Bölüm 2

1.2K 131 1
                                    

2. BÖLÜM

Erce, Sonay'da ki tuhaflığı fark etmişti fakat bir türlü sormaya cesaret edemiyordu. Kızın peşi sıra koşturup durmaktan sıkıldı. Zaten nefes nefese kalmıştı. Ellerini dizlerine dayayıp, soluklanmaya çalıştı. Tabi, yeni yetme izin verirse...

"Erce dinlenmeye zamanımız yok, Leliel'i bir an önce bulmalıyız."

"Biliyorum ama ölmemi istemiyorsan, dinlenmeme izin vermelisin. Koşacak gücüm kalmadı."

"Güneş batmak üzere, en fazla on dakikamız kaldı."
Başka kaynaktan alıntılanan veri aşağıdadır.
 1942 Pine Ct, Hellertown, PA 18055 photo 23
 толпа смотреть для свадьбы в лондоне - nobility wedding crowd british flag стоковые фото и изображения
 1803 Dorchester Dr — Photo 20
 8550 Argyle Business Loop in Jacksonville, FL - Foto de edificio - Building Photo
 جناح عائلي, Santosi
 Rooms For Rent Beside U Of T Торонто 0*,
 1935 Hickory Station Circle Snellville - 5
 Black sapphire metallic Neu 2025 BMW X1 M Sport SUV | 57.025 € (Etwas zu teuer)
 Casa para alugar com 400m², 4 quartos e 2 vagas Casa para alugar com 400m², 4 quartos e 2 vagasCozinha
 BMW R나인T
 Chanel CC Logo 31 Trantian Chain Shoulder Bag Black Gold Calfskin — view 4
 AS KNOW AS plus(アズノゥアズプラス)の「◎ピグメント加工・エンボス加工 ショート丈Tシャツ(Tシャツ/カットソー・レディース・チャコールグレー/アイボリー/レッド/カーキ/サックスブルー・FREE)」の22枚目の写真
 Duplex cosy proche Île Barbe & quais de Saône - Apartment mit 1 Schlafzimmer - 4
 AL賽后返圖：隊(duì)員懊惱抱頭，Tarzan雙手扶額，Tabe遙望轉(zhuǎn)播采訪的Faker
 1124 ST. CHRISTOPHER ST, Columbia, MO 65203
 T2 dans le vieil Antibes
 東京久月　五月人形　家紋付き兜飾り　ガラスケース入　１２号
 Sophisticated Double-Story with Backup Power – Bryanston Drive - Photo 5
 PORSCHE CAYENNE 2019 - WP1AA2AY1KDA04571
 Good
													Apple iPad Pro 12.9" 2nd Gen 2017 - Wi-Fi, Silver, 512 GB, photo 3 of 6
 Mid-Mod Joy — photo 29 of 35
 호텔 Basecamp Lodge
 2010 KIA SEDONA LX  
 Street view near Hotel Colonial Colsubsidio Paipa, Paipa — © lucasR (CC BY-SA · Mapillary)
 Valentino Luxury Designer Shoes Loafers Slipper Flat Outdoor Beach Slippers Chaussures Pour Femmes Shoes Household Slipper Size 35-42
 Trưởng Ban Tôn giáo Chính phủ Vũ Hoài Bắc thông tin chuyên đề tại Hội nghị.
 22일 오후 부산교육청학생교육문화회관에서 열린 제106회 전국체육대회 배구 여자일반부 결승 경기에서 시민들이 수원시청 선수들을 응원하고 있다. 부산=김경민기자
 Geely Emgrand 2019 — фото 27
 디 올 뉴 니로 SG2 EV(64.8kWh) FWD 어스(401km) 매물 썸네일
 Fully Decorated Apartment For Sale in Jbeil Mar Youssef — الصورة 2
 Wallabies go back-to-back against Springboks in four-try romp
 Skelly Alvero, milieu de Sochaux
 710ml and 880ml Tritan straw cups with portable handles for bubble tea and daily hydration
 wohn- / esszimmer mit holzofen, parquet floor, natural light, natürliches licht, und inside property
Erce, ellerini dizlerinden çekip doğruldu. Şimdi daha ciddi görünüyordu. "Söylesene, öngörü almadığına göre, nereye gideceğimizi nereden biliyorsun? Ya yanlış yöne ilerliyorsak?"

Sonay, yaşadığı şaşkınlığın üzerine, gözleri uzaklara daldı. Sorunun cevabını kendi de bilmiyordu. "İçgüdü diyelim."

"Hımmm, anladım. Yeni bir yetenekle tanıştın ama bana söyleme zahmetine bile girmedin, öyle mi?"

"Hayır, hayır, yanlış anladın. Doğruluğundan emin değilim. Sadece, başka çarem yok. Bu yüzden içgüdülerimi takip ediyorum. Zaten çok geçmeden, bunun bir yetenek olup olmadığını ikimizde göreceğiz. Şimdi, yeterince dinlendiysen devam edebilir miyiz?"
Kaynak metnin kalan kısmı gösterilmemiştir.